É o clássico fenômeno da corrida pelo ouro: empolgados com esse novo nicho de mercado, empresários em busca de lucro rápido apresentam projetos impraticáveis, seja do ponto de vista jurídico, financeiro ou de metodologia. A falta de informação é considerada o maior problema.

"Há vários curiosos nesse mercado, porque tudo é novo", diz o holandês Maurik Jehee, superintendente de créditos de carbono do ABN Amro Real no Brasil. "Recentemente tive de convencer o representante de uma PCH [pequena central hidrelétrica] de que ele gastaria mais para implementar o projeto do que o que receberia com os créditos. Financeiramente, não faria sentido."

"Os clientes ainda estão mal-informados, achando que podem ganhar milhões", acrescenta Shigueo Watanabe, consultor-sênior da Geoklock. "De cinco reuniões com clientes, só uma é viável". Segundo ele, a identificação de um bom projeto tornou-se um "trabalho de garimpo".

O Brasil foi o primeiro país do mundo a registrar na ONU um projeto de Mecanismo de Desenvolvimento Limpo (MDL), o nome que se dá ao mecanismo previsto pelo Protocolo de Kyoto para que os países ricos possam compensar suas emissões de gases de efeito estufa comprando créditos de carbono de países em desenvolvimento. Por convenção, uma tonelada de dióxido de carbono (CO2) equivalente que deixou de ser jogado no ar corresponde a um crédito de carbono no mercado internacional.

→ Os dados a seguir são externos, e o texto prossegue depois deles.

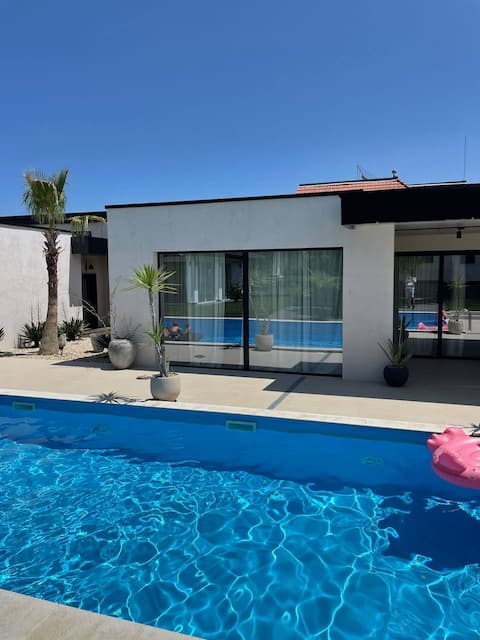 Luxury Villas Giardino Lozenetz 2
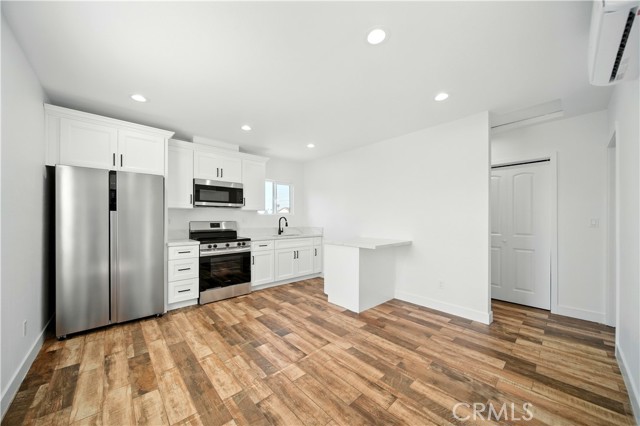 521 78th W, Los Angeles CA: https://media.crmls.org/medias/aae7e78f-6289-4533-81d4-dbcc638bfc76.jpg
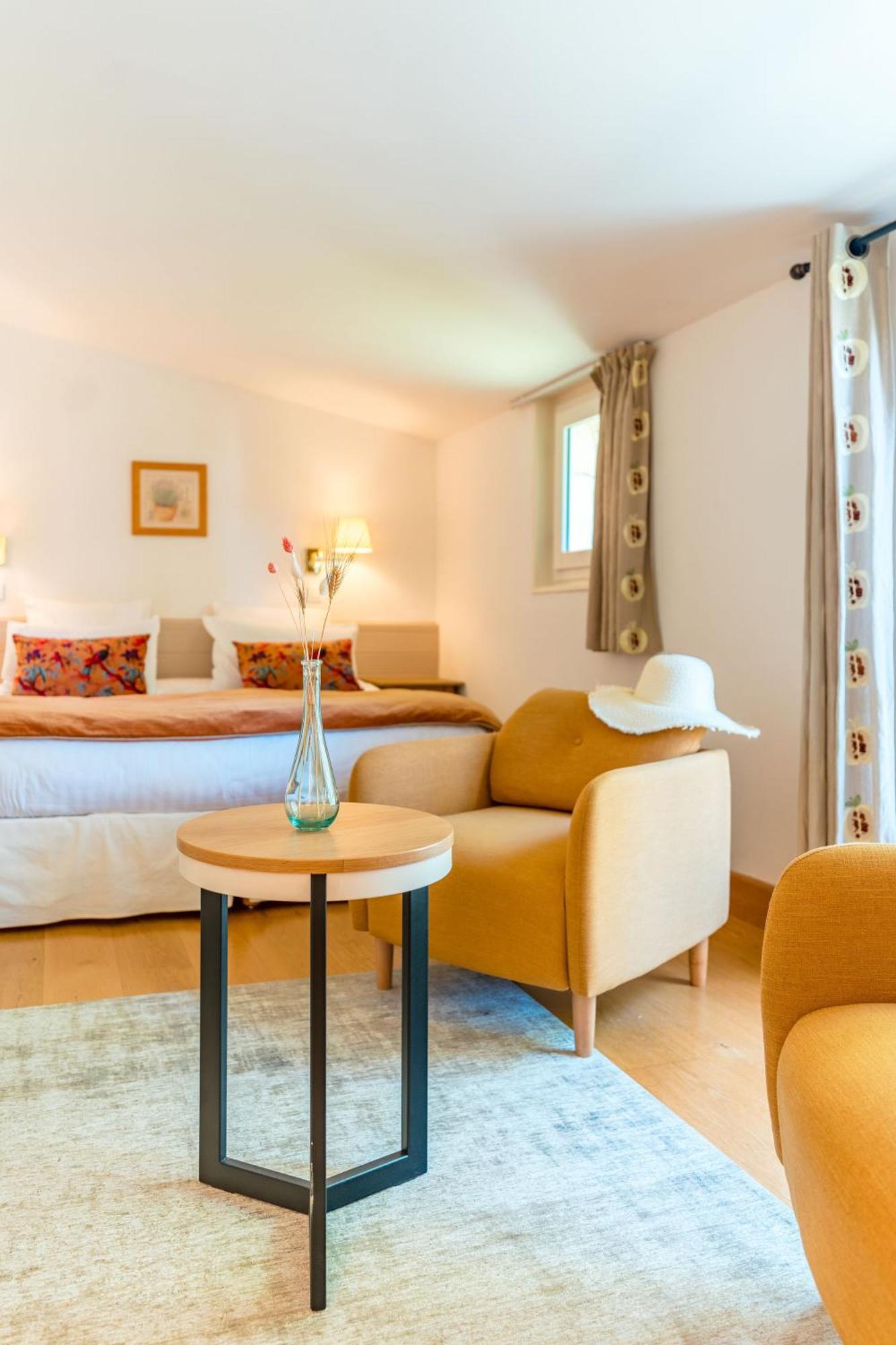 Hotel De La Cremaillere 4*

Apesar de começar bem, o país caiu para a terceira posição no ranking mundial em número de projetos de MDL. Os dados mais recentes do governo brasileiro apontam para 221 projetos registrados. À sua frente estão Índia, com 623, e China, com 446.

Além da desinformação, incertezas jurídicas prejudicam o desempenho dos projetos brasileiros por terem efeito negativo junto aos investidores. O exemplo mais comum é o de aterros sanitários públicos. Grande filão nesse mercado, eles levantam dúvidas sobre a quem cabe o direito de posse dos créditos - prefeitura? concessionária? consultoria? . "Esses entraves jurídicos atrasam e até inviabilizam o processo", diz o advogado Werner Grau, especializado em direito ambiental. "Nos últimos seis meses, passaram pelo escritório 18 projetos. Pelo menos seis não tinham viabilidade jurídica."

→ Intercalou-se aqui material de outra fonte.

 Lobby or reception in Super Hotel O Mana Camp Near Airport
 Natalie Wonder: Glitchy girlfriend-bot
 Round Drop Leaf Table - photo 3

O Brasil também sai perdendo, porque sua matriz energética é essencialmente limpa - 73% da energia gerada no país vem de hidrelétricas. "Isso diminui muito o volume de créditos de carbono dos projetos brasileiros e dá vantagem competitiva aos outros países", diz Carlos Martins, diretor-executivo da Ecoinvest, um dos maiores "players" do mercado. A China, nesse sentido, sai ganhando porque usa carvão mineral para gerar energia, matéria-prima altamente poluidora.

Pedro Moura Costa, presidente da concorrente Ecosecurites, vê como um terceiro problema a demora em aprovações de projetos pela autoridade designada brasileira, a Comissão Interministerial de Mudança Global do Clima, ligada ao Ministério de Ciência e Tecnologia. O tempo médio de aprovação na China, diz ele, é de seis semanas. Na Índia, três semanas. No Brasil, seis meses. "É muita burocracia", diz.

Há dois anos, o Brasil representava 30% e a China 20% do portfólio de clientes da empresa. A proporção hoje é de 20% e 40%, respectivamente. Segundo ele, por conta disso US$ 500 milhões, que originalmente estavam destinados a projetos no país, migraram para o território chinês. "Sou brasileiro e tento viabilizar projetos aqui. Mas as contingências me levam para outros países".